A few pattern appeared as follows
  • Based on he access count alone and the number of datasets as defined above (106 total),  a first finding is that we see that 14% of those datasets have been accessed less than 100 counts, 23% for < 500 counts, 32% for < 1,000 counts, 50% for < 5,000 counts and 57% for < 10,000 access counts over a period of 10 months.
    Observation 1: there is room for some cleanup although those datasets are unlikely large (total side still being sorted)
     
  • Some dataset such as AuAu11_production,P10ih had been on storage for a while but not accessed at all with a small usage for the past 2 months (8k access) - this is the same for AuAu27_production_2011,P11id / AuAu39_production,P10ik / AuAu7_production,P10ih  but also AuAu_200_production_2014,P15ie
    Observation 2: some of those are old and it is unclear why they kept coming as data to preserve if they were not being used. From a purely resource perspective, those should have been rotated out and restored whenever needed.
     

For eye guiding, below are the access count by groupings (best intent / there may be repeats of series).

Au+Au 200 series

Executive summary: Overall, all datasets are being accessed in this category modulo a few of them with a clear access activity drop in the last month (not a single access) very visible and identifiable on the graph.

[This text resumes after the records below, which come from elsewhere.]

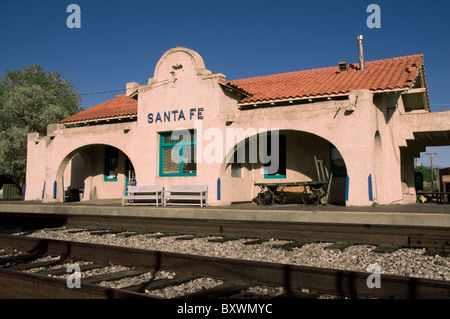 Santa Fe Railway Station New Mexico NM Banque D'Images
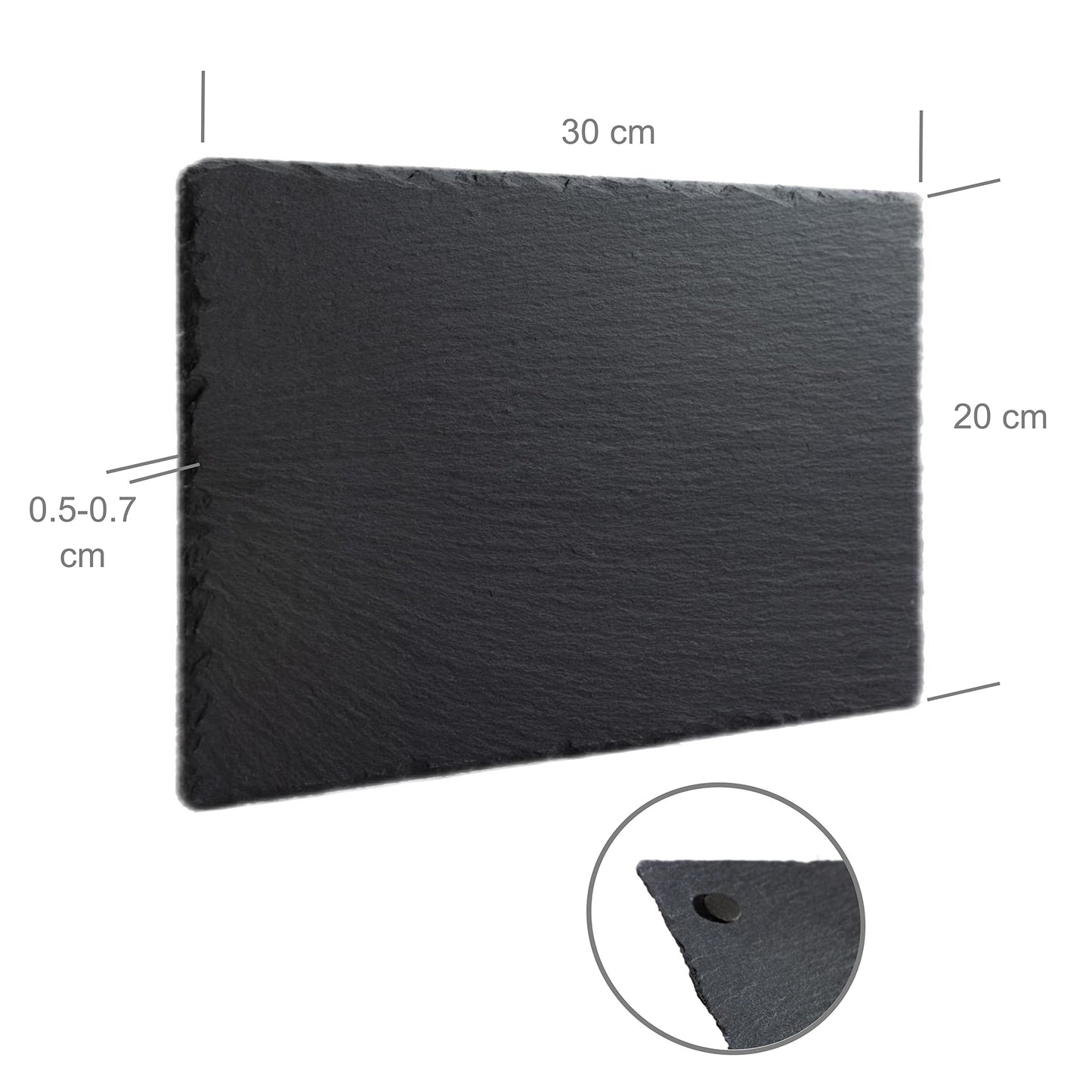 eGenuss Slate Stone Dinnerware Set, Professional Dessert Serving Trays for Restaurants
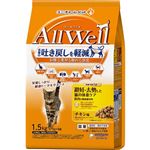 【ペット用】 ユニ・チャーム AllWell 避妊・去勢した猫の体重ケア筋肉の健康維持用 チキン味挽き小魚とささみフリーズドライパウダー入り 1.5kg（375g×4袋）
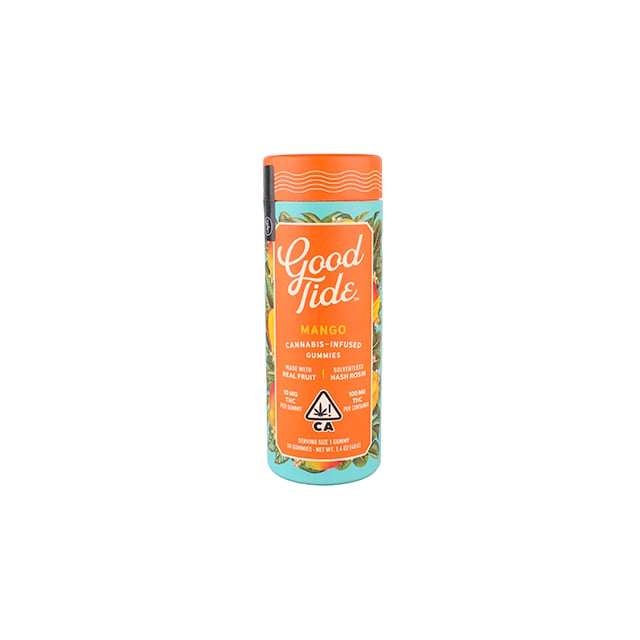 Mango Single-Strain Hash Rosin Gummies | Mellow | 100mg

BES, special trigger series

In this category, there is a slew of small sets that are rarely acessed (all squished to the bottom) includign things like zdc_polarimetry but also things like p+Au 200 2015 (P15il) or Cu+Au production 2012 (P15ie) that has not been accessed for a month and Au+Au 62 GeV (P10ik) not accessed for 3 months+ now. The U+U production 2012 (P12id) seems to be the most popular followed by Au+Au 39 (P10ik). Not sure of the reason but the CosmicClock dataset has been regularly acessed across the entire time period.





p+p series

200 GeV

From this graph, we can see that most of the p+p 200 GeV datasets are not being accessed in the last months to the exception of only a few datasets (3 at most). Everything is below a few 1,000 access.




500 GeV

The 500 GeV datasets show a similar pattern - most datasets have not been accessed in the past month (such as p+p 500 production 2012 P13ib) and a slew of datasets have not been accessed at all in ages (only 4 are regaulrly accessed).